Google announces AI principles to guide its business:
…Company releases seven principles, along with description of ‘AI applications we will not pursue’…
Google has published its AI principles, following an internal employee outcry in response to the company’s participation in a drone surveillance project for the US military. These principles are intended to guide Google’s work in the future, according to a blog post written by Google CEO Sundar Pichai. “These are not theoretical concepts; they are concrete standards that will actively govern our research and product development and will impact our business decisions”.
  Principles: The seven principles are as follows:
– “Be socially beneficial”.
– “Avoid creating or reinforcing unfair bias”.
– “Be built and tested for safety”.
– “Be accountable to people”.
– “Incorporate privacy design principles”.
– “Uphold high standards of scientific excellence”.
– “Be made available for uses that accord with these principles”.
   What Google won’t do: Google has also published a (short) list of “AI applications we will not pursue”. These are pretty notable because it’s rare for a public company to place such restrictions on itself so abruptly.
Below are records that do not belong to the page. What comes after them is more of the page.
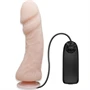 BAILE – 23,5 cm-es vibráló pénisz dildó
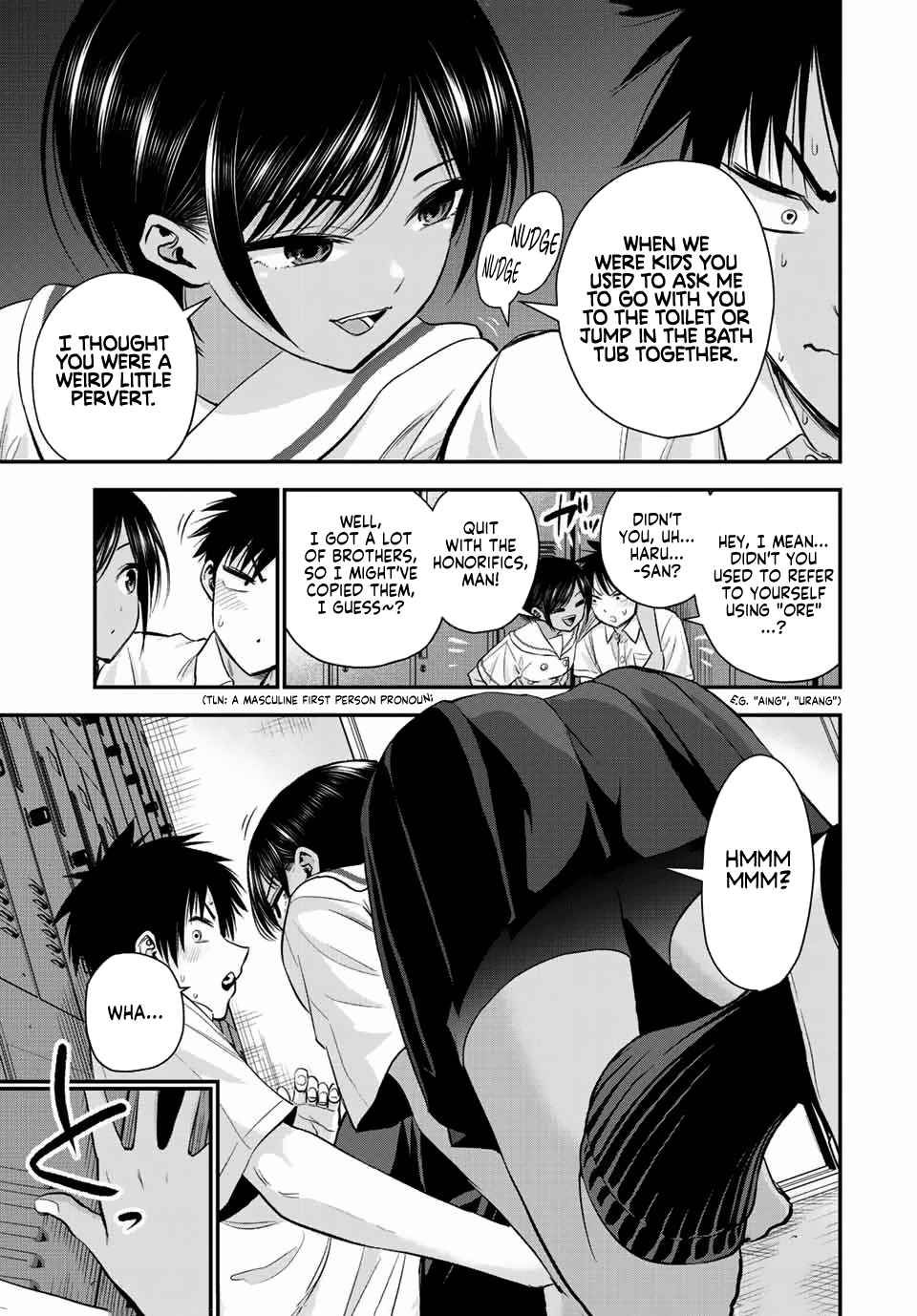 Osananajimi to wa Romcom ni Naranai chapter 30 page 2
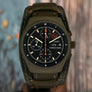 Porsche Design Orfina Chronographe "Military Bund 3H" NOS -1990-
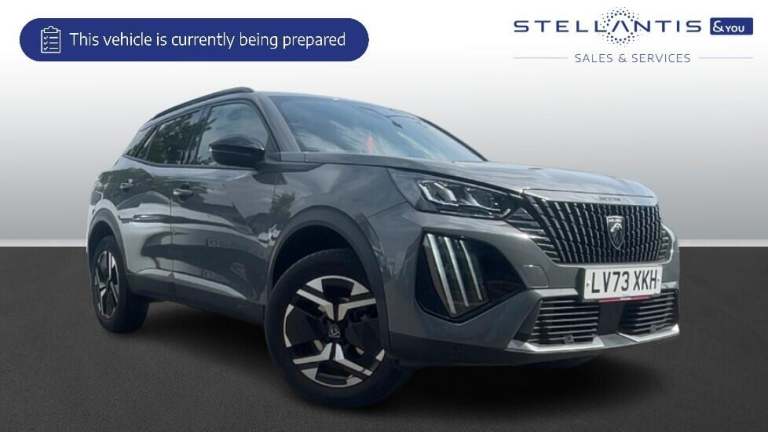 2023 Peugeot 2008 1.2 PureTech Allure SUV 5dr Petrol Manual Euro 6 (s/s) (130 ps) SUV Petrol Manual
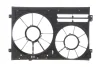 Дифузор радіатора VW Caddy/Audi A1/A3/Skoda Octavia/Superb 1.2-3.6 03- DPA 11210808502 (фото 1)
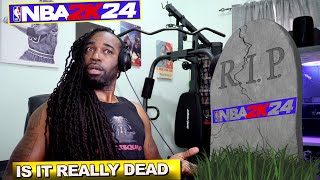 IS 2K24 REALLY DEAD - NBA 2K24 NEWS UPDATE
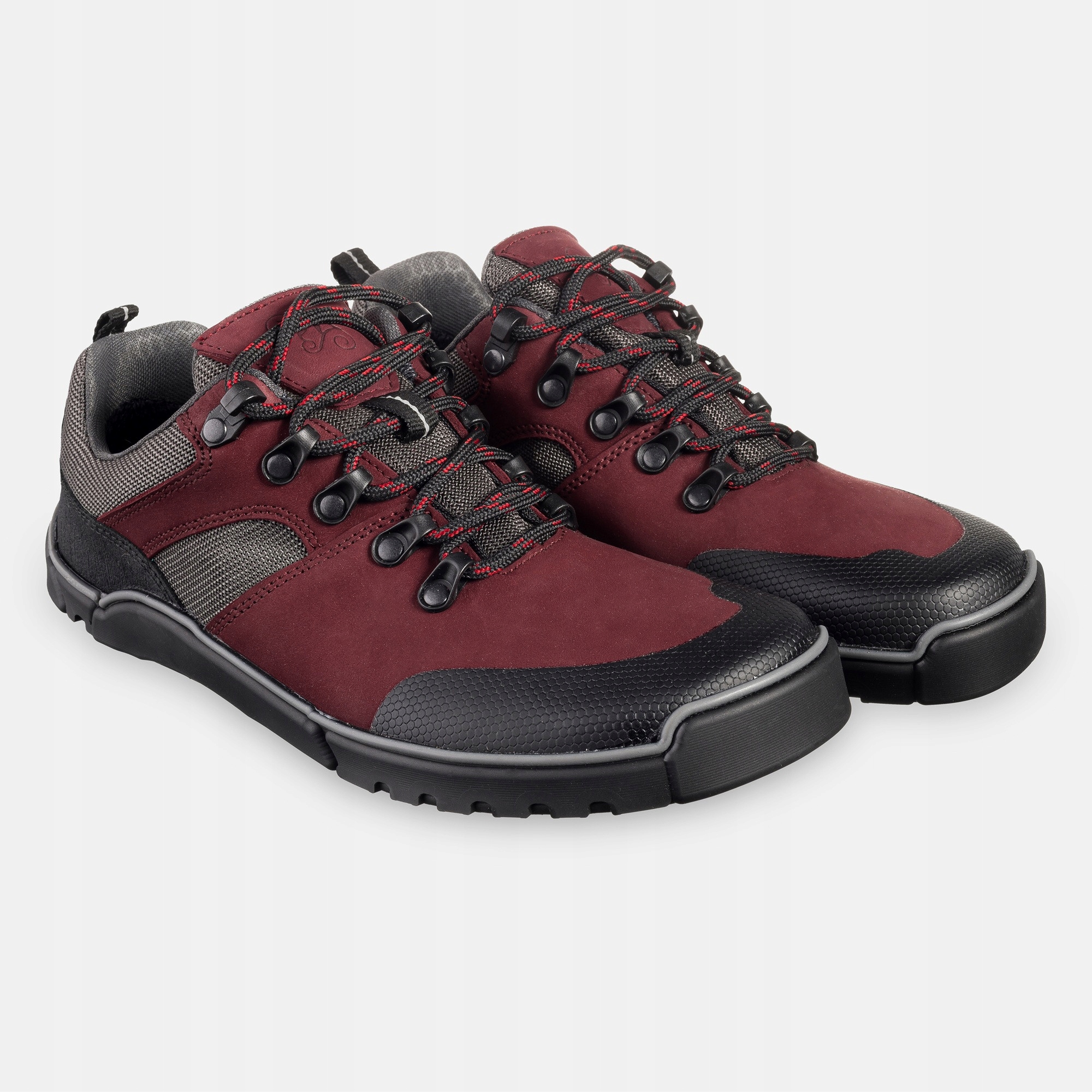Damskie niskie buty trekkingowe barefoot Tundra Wine 40 Eu Magical Shoes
The things Google won’t pursue are as follows:
– “Technologies that cause or are likely to cause overall harm”.
– “Weapons or other technologies whose principal purpose or implementation is to cause or directly facilitate injury to people”.
– “Technologies that gather or use information for surveillance violating internationally accepted norms”.
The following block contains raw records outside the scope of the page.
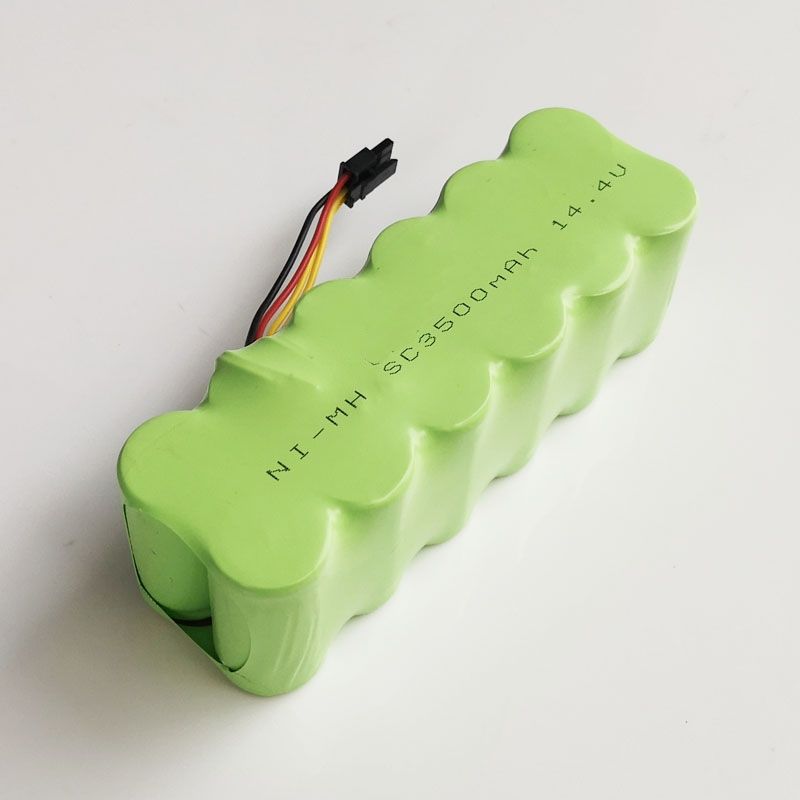 14.4V NI-MH SC Batterie rechargeable 3500mAh pour aspirateur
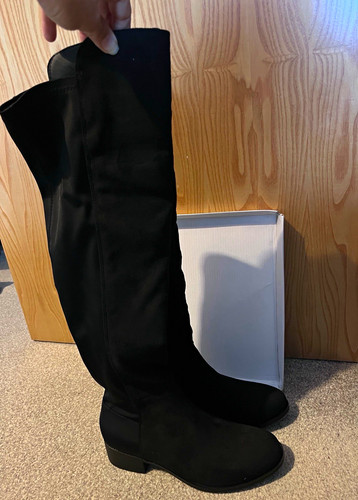 Truffle collection black faux - black,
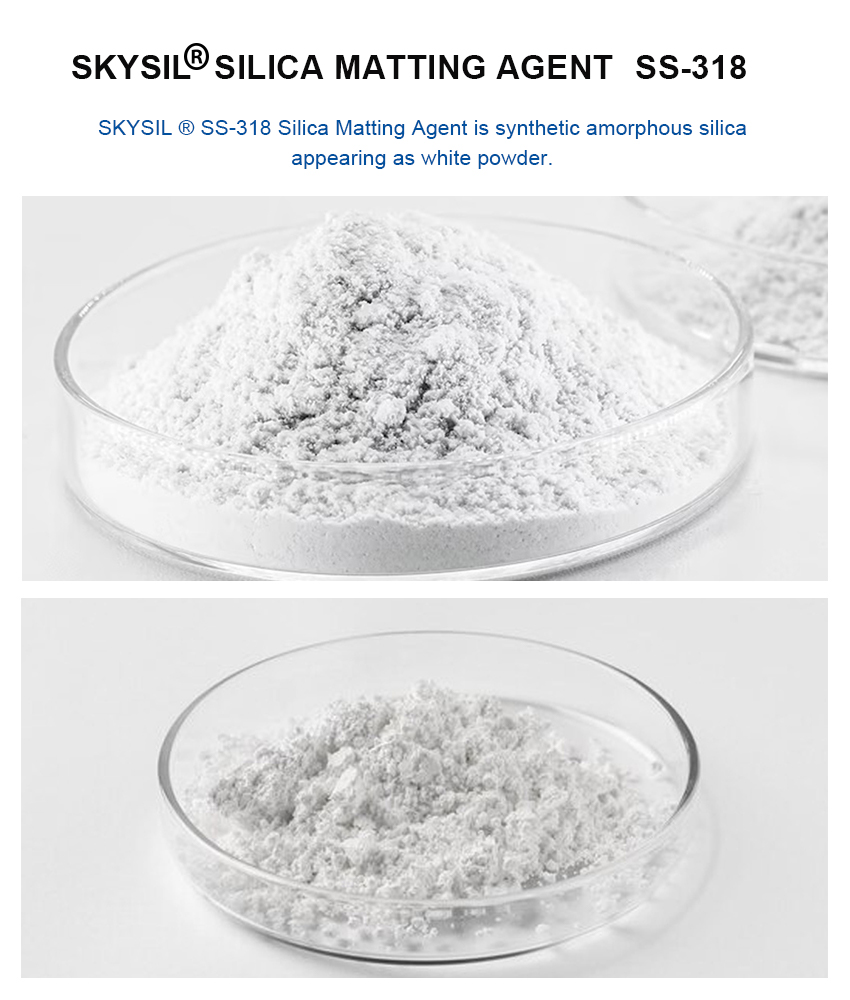 QUANXU SILICA DIOXIDE POWDER (SS-318) M1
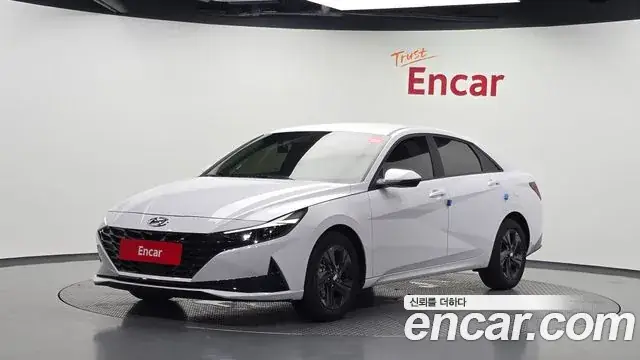 Hyundai AVANTE 2022 из Кореи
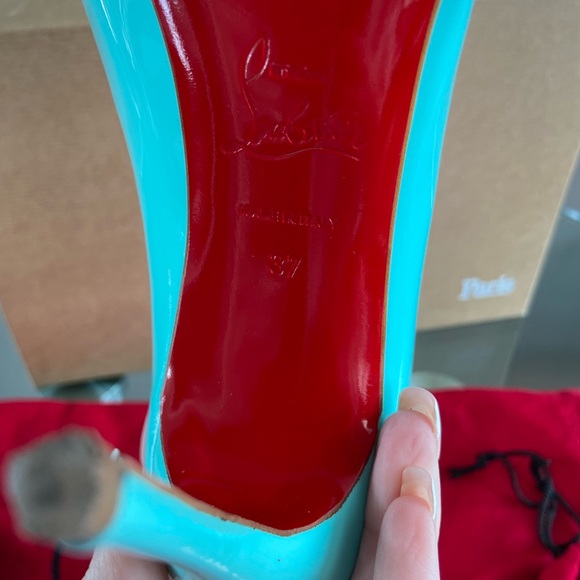 Authentic Christian Lou Boutins - Picture 2 of 7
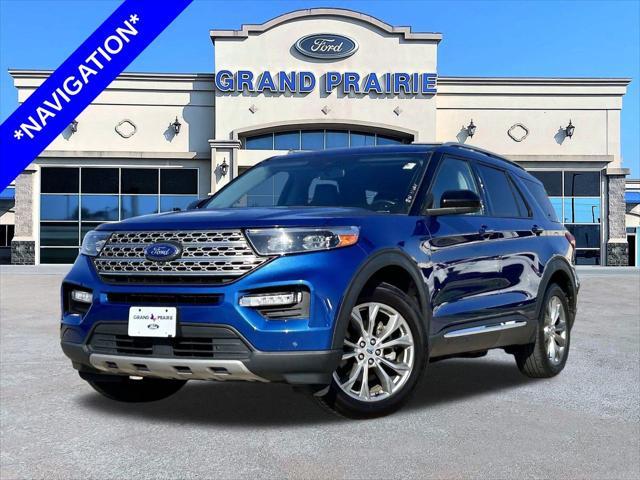 2022 Ford Explorer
– “Technologies whose purpose contravenes widely accepted principles of international law and human rights”.
   Read more: AI at Google: our principles (Google Blog).

AI Policy with Matthew van der Merwe:
…Reader Matthew van der Merwe has kindly offered to write some sections about AI & Policy for Import AI. I’m (lightly) editing them. All credit to Matthew, all blame to me, etc. Feedback: …
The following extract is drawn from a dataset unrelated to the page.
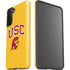 University of Southern California USC Trojans Yellow Galaxy S21 FE Pro Case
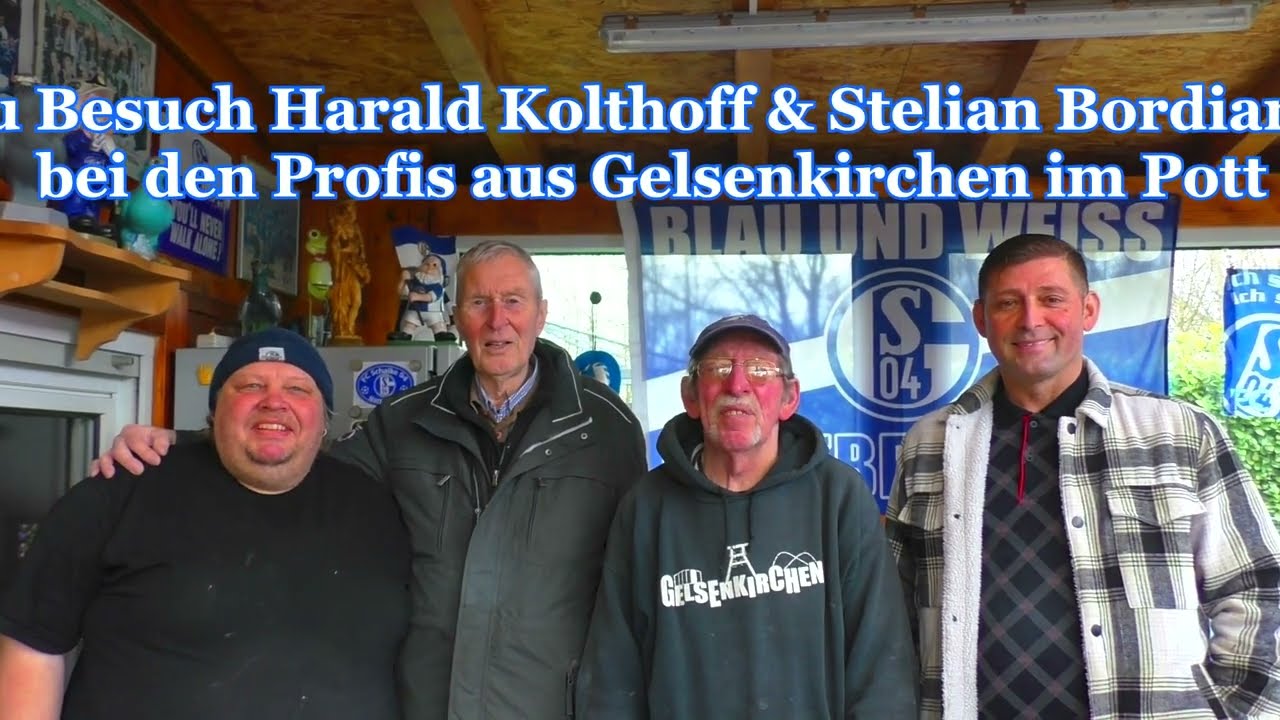 Zu Besuch bei den Profis aus Gelsenkirchen im Pott am 19.03.2023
India releases national AI strategy:
India is the latest country to launch an AI strategy, releasing a discussion paper last week.
   Focus on five sectors: The report identifies five sectors in which AI will have significant societal benefits, but which may require government support in addition to private sector innovation. These are: healthcare; agriculture; education; smart cities and infrastructure; mobility and transportation.
   Five barriers to be addressed:
– Lack of research expertise
– Absence of enabling data ecosystems
– High resource cost and low awareness for adoption
– Lack of regulations around privacy and security
– Absence of collaborative approach to adoption and applications.
What they’re doing: The report proposes supporting two tiers of organizations to drive the strategy.
Centres of Research Excellence – academic/research hubs
– International Centres of Transformational AI – bodies with a mandate of developing and deploying research, in partnership with private sector.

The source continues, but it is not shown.